Begin at the line below that holds "We present MapLab, an" and end at the line that holds "Hey it's David", transcribing each line exactly and skipping any picture.

:: Data shown ::

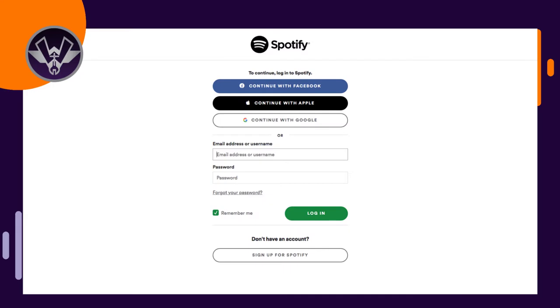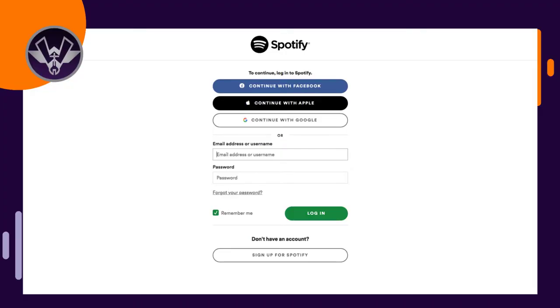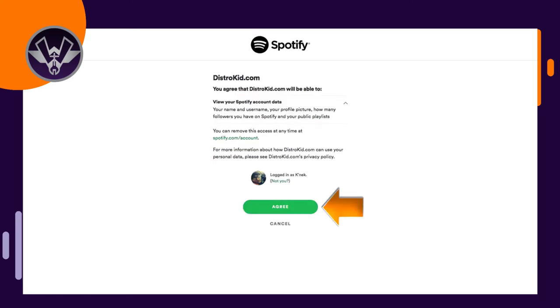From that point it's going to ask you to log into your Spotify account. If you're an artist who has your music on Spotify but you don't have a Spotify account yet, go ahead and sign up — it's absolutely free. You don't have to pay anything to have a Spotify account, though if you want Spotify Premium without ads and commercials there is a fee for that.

:::
:: Data shown ::

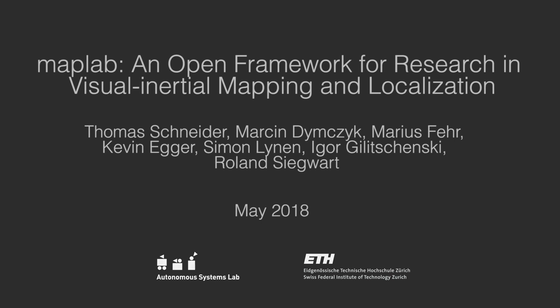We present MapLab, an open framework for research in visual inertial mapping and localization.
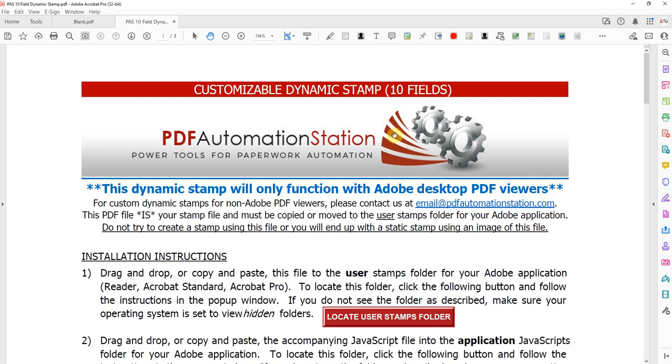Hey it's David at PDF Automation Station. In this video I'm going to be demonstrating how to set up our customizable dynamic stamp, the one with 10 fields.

:::
:: Data shown ::

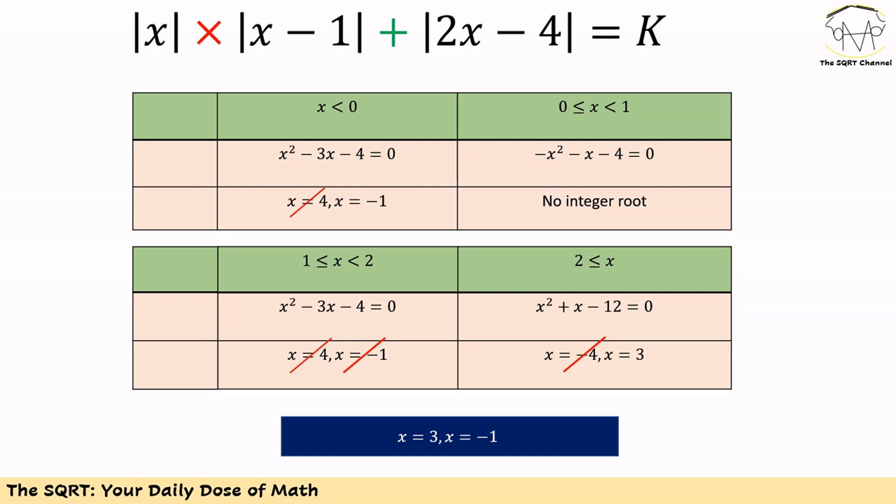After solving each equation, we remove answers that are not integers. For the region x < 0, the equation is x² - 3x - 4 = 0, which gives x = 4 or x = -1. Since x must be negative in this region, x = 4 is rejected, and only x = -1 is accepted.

:::

■ Your response:
We present MapLab, an open framework for research in visual inertial mapping and localization.
Hey it's David at PDF Automation Station. In this video I'm going to be demonstrating how to set up our customizable dynamic stamp, the one with 10 fields.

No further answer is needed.